Episodi sempre più frequenti nelle vendite on-line riguardano il comportamento abusivo di alcuni acquirenti che, sfruttando la tutela riconosciuta loro dalle norme sui contratti a distanza, esercitano in modo abusivo il diritto di recesso. Il fenomeno, particolarmente diffuso negli USA, colpisce in prevalenza i settori dell’abbigliamento/moda/gioielleria ove i prodotti si prestano ad essere indossati, magari per una o due sere, per essere poi restituiti al venditore completamente integri entro i termini previsti per l’esercizio del recesso. A fronte dunque della restituzione del prezzo e soprattutto senza l’addebito di alcuna penalità (sostenendo al massimo le spese di trasporto per il reso). Purtroppo non vi sono molti rimedi per fronteggiare questa situazione.
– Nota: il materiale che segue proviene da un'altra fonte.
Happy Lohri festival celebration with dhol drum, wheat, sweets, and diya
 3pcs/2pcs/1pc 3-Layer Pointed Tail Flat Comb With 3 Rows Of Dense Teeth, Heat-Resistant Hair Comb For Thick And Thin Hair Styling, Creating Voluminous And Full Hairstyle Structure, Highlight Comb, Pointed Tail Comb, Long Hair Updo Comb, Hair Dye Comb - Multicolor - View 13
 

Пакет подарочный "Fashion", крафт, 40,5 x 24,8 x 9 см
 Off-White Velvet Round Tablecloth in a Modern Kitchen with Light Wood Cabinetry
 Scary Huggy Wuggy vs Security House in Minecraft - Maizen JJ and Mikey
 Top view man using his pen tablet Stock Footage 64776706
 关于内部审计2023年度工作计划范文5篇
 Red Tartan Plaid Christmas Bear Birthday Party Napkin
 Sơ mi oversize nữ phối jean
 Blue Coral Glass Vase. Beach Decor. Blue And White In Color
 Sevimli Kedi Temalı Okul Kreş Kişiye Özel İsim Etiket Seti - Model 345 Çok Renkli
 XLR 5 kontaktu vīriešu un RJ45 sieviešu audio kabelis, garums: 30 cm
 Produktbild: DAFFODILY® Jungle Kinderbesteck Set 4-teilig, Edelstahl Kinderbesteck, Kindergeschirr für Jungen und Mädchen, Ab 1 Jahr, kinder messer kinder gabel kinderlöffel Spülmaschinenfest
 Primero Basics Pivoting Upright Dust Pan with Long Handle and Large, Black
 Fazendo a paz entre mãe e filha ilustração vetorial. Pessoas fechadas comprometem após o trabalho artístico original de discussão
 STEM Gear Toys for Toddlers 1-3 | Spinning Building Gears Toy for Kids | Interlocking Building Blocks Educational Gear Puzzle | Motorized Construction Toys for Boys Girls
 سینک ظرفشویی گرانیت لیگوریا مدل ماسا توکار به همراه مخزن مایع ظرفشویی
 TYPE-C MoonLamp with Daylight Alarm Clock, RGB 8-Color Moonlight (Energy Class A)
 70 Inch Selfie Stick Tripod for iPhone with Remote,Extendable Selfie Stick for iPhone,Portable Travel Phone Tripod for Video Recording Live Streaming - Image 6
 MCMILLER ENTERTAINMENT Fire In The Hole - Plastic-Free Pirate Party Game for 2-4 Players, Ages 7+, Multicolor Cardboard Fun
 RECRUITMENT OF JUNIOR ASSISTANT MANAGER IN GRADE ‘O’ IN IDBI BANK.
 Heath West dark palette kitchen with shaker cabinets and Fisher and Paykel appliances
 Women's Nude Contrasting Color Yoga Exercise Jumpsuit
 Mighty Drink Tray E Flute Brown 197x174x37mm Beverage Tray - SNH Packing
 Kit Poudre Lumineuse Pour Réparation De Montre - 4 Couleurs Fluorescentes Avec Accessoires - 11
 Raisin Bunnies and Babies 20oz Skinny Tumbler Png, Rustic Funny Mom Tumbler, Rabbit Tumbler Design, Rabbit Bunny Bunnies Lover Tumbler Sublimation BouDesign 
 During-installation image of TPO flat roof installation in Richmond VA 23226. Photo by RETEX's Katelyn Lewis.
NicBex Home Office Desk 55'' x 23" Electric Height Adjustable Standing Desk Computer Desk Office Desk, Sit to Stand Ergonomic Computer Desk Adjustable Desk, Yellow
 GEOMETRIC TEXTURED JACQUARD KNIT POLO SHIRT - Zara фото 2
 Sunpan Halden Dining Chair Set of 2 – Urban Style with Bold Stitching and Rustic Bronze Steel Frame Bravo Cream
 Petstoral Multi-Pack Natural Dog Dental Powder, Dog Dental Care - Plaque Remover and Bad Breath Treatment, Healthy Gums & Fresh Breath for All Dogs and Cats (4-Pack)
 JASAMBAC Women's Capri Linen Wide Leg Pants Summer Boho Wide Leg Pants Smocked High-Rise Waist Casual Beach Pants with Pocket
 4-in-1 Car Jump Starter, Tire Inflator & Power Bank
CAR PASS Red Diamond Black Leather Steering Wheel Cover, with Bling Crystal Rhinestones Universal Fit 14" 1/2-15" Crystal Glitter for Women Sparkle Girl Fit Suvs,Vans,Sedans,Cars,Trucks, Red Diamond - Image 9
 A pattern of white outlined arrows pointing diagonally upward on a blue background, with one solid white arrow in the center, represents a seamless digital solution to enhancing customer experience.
Le norme sulla vendita a distanza sono completamente sbilanciate in favore dell’acquirente e, d’altra parte, l’esercizio abusivo del diritto di recesso non è contemplato come fattispecie illecita nella maggior parte degli ordinamenti. L’unica contromisura, come suggerito nell’articolo, consiste nell’adozione di policy di reso particolarmente restrittive, nel rispetto tuttavia delle norme in materia di diritto di recesso nei contratti a distanza (artt. 64 e 65, D. Lgs. 206/2005) che, lo ricordiamo, prevedono:

– l’esercizio del diritto di recesso entro il termine di 10 giorni lavorativi decorrenti dalla data di ricevimento della merce;

– l’ampliamento dei termini per l’esercizio del diritto di recesso sino a 60 giorni, in caso di mancata osservanza degli obblighi informativi previsti dall’art. 47, D.Lgs. 206/2005 circa l’esistenza e le modalità di esercizio del diritto.